■ **WORK ITEM**
What the task requires is an exact printout of the listing below, pictures excluded.

■ **SOURCE MATERIAL**
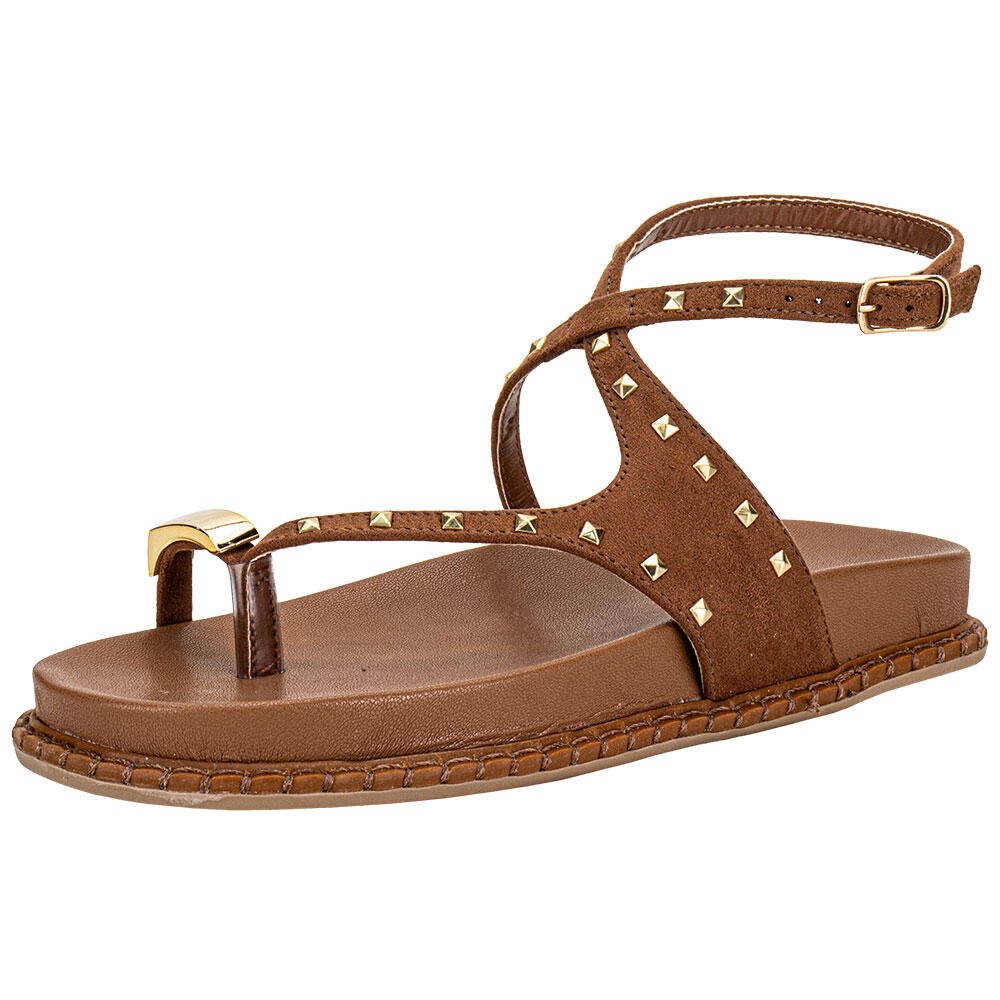 SANDÁLIA FEMININA FLAT VIA MARTE 315003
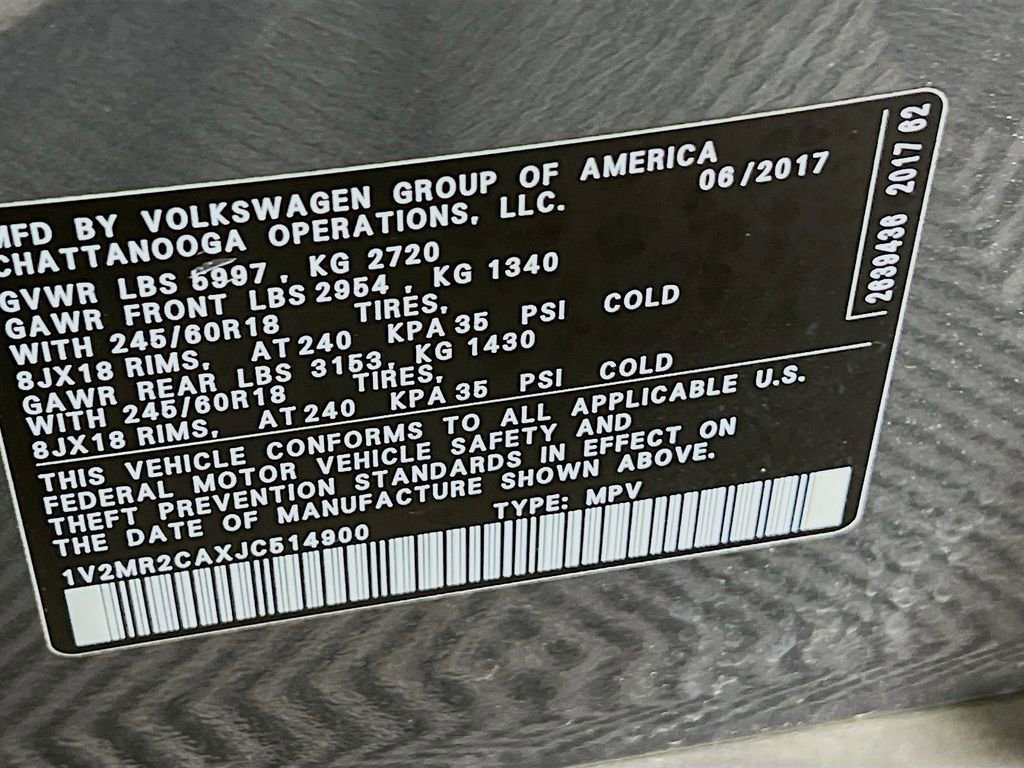 Used 2018 Volkswagen Atlas SEL AWD/4WD image 27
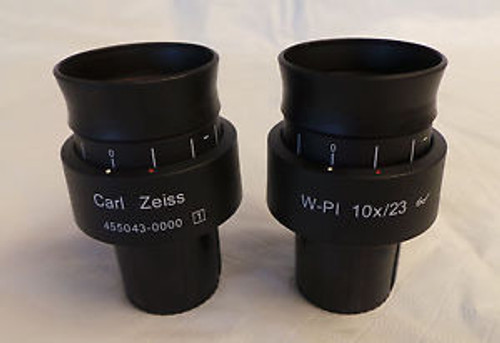 Carl Zeiss Eyepieces  W-Pl 10x/23 (455043-0000)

■ **SOLUTION**
 SANDÁLIA FEMININA FLAT VIA MARTE 315003
 Used 2018 Volkswagen Atlas SEL AWD/4WD image 27
 Carl Zeiss Eyepieces  W-Pl 10x/23 (455043-0000)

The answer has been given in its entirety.